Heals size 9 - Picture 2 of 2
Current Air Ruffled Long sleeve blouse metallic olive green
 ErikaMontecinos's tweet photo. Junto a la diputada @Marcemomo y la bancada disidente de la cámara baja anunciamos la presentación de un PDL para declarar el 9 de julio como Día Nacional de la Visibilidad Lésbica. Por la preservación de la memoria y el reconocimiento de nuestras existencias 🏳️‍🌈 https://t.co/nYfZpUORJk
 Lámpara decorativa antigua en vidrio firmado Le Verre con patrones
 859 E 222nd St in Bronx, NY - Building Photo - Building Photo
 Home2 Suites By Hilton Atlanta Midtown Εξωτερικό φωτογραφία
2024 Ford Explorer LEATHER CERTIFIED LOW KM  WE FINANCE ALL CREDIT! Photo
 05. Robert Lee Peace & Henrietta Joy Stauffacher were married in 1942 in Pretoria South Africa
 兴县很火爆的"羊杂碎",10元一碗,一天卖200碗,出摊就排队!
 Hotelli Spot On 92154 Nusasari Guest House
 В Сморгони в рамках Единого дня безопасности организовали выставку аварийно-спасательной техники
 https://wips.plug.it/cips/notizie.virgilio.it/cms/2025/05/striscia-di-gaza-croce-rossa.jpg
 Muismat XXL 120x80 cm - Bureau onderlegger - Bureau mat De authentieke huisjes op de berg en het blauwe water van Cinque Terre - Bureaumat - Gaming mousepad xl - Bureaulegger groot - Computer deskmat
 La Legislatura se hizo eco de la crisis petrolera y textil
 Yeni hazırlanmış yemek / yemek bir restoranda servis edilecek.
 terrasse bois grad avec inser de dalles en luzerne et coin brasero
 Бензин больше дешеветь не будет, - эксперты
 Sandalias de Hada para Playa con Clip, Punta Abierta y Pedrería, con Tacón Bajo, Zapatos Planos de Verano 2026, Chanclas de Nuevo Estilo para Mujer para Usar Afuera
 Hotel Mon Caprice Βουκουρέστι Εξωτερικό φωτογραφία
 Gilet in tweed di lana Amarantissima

▶ **DESCRIPTION OF THE TASK**: Set all of the data down again exactly.

▶ **EXERCISE SOLUTION**:
Heals size 9 - Picture 2 of 2
Current Air Ruffled Long sleeve blouse metallic olive green
 ErikaMontecinos's tweet photo. Junto a la diputada @Marcemomo y la bancada disidente de la cámara baja anunciamos la presentación de un PDL para declarar el 9 de julio como Día Nacional de la Visibilidad Lésbica. Por la preservación de la memoria y el reconocimiento de nuestras existencias 🏳️‍🌈 https://t.co/nYfZpUORJk
 Lámpara decorativa antigua en vidrio firmado Le Verre con patrones
 859 E 222nd St in Bronx, NY - Building Photo - Building Photo
 Home2 Suites By Hilton Atlanta Midtown Εξωτερικό φωτογραφία
2024 Ford Explorer LEATHER CERTIFIED LOW KM  WE FINANCE ALL CREDIT! Photo
 05. Robert Lee Peace & Henrietta Joy Stauffacher were married in 1942 in Pretoria South Africa
 兴县很火爆的"羊杂碎",10元一碗,一天卖200碗,出摊就排队!
 Hotelli Spot On 92154 Nusasari Guest House
 В Сморгони в рамках Единого дня безопасности организовали выставку аварийно-спасательной техники
 https://wips.plug.it/cips/notizie.virgilio.it/cms/2025/05/striscia-di-gaza-croce-rossa.jpg
 Muismat XXL 120x80 cm - Bureau onderlegger - Bureau mat De authentieke huisjes op de berg en het blauwe water van Cinque Terre - Bureaumat - Gaming mousepad xl - Bureaulegger groot - Computer deskmat
 La Legislatura se hizo eco de la crisis petrolera y textil
 Yeni hazırlanmış yemek / yemek bir restoranda servis edilecek.
 terrasse bois grad avec inser de dalles en luzerne et coin brasero
 Бензин больше дешеветь не будет, - эксперты
 Sandalias de Hada para Playa con Clip, Punta Abierta y Pedrería, con Tacón Bajo, Zapatos Planos de Verano 2026, Chanclas de Nuevo Estilo para Mujer para Usar Afuera
 Hotel Mon Caprice Βουκουρέστι Εξωτερικό φωτογραφία
 Gilet in tweed di lana Amarantissima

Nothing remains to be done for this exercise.